The distribution of data assessed during exploratory data analysis helps determine whether parametric or nonparametric tests should be used to make comparisons. Parametric tests are based upon the assumption that the data are sampled from a known population distribution (Note: we will consider only the normal (bell-shaped) distribution for continuous outcome data and the binomial distribution for dichotomous outcomes). If continuous outcome data in a sample are skewed toward either higher or lower values, or if the sample size is small, nonparametric tests should be used. Ordinal variables are usually analyzed using nonparametric tests; however, parametric tests can be used when values of separate variables are summed together to produce a total score which follows a normal distribution (e.g., summing each student's 20-item interpersonal ratings to obtain an overall score). Nonparametric tests use ranked observations rather than the actual values and do not assume that the shape of the distribution is known. 12 These tests are more conservative, but are important to use when parametric considerations do not hold.
We will use the steps outlined in Table 1 and the diagrams in Appendix 1 to illustrate how to select the appropriate statistical test for each of the 4 study hypotheses.
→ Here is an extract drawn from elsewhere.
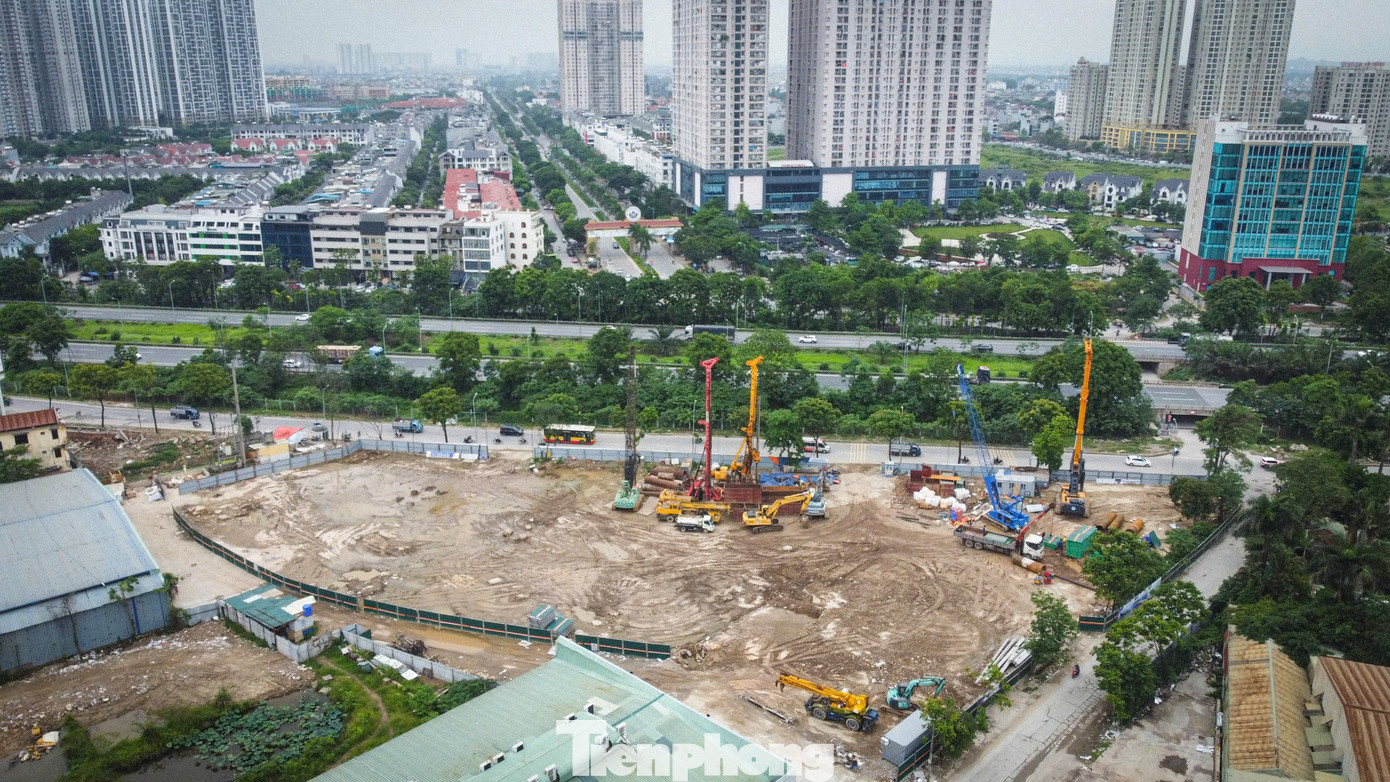 Từ ngày 4/6, Hà Nội đã điều chỉnh tổ chức giao thông phục vụ thi công công trình nút giao giữa đường Vành đai 3,5 với đại lộ Thăng Long, một phần đường gom được rào lại không cho các phương tiện lưu thông.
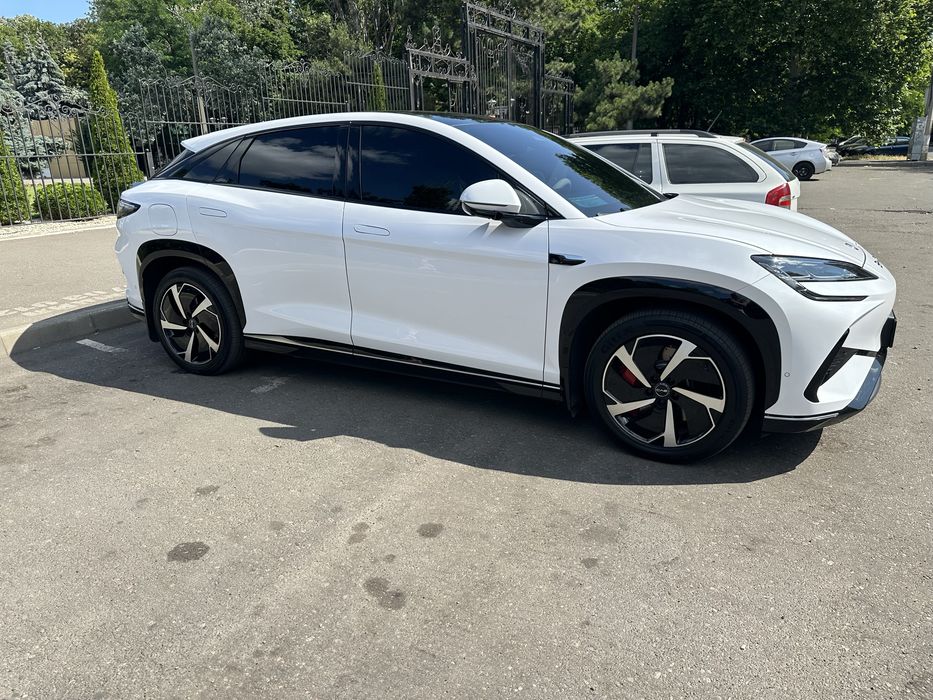 Продам byd sealion7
Participants and controls do not differ in the mean number of relevant physical examination maneuvers performed correctly at the end of the curriculum.
Participants and controls do not differ in their overall interpersonal scores at the end of the curriculum.
Participants' confidence level in performing physical examination maneuvers does not differ before and after the curriculum.
No association exists between a student's age, gender, and college major with the patient's recommendation of the student to a friend.
This paper illustrates the decision-making processes clinician-educators can use to select statistical tests for interventions with 2-group comparisons. Examples of comparisons between 3 or more groups, correlations, and different regression analyses can be found in Appendix 1. Other tests or analyses may be needed depending on the research question of interest. Studies using observer ratings should be analyzed for interrater and/or intrarater reliability to assess consistency of results. When multiple comparisons will be performed, researchers may need to adjust the significance level to a smaller value (e.g., P =.001) to decrease the probability of finding a statistically significant result by chance alone. When performing regression analyses, certain assumptions must be checked to assess whether a specific regression model is appropriate and whether the potential for confounding and effect modification by certain covariates should be considered. 13
With this guide, we hope to provide educators with a tool for improving the quality of medical education research conducted and presented in the literature. To obtain appropriate advice for both statistical design and analyses, we suggest the consultation of a statistician early in a study. Other resources such as textbooks and references for clinical research 10, 11 may be needed to address areas not covered in this paper.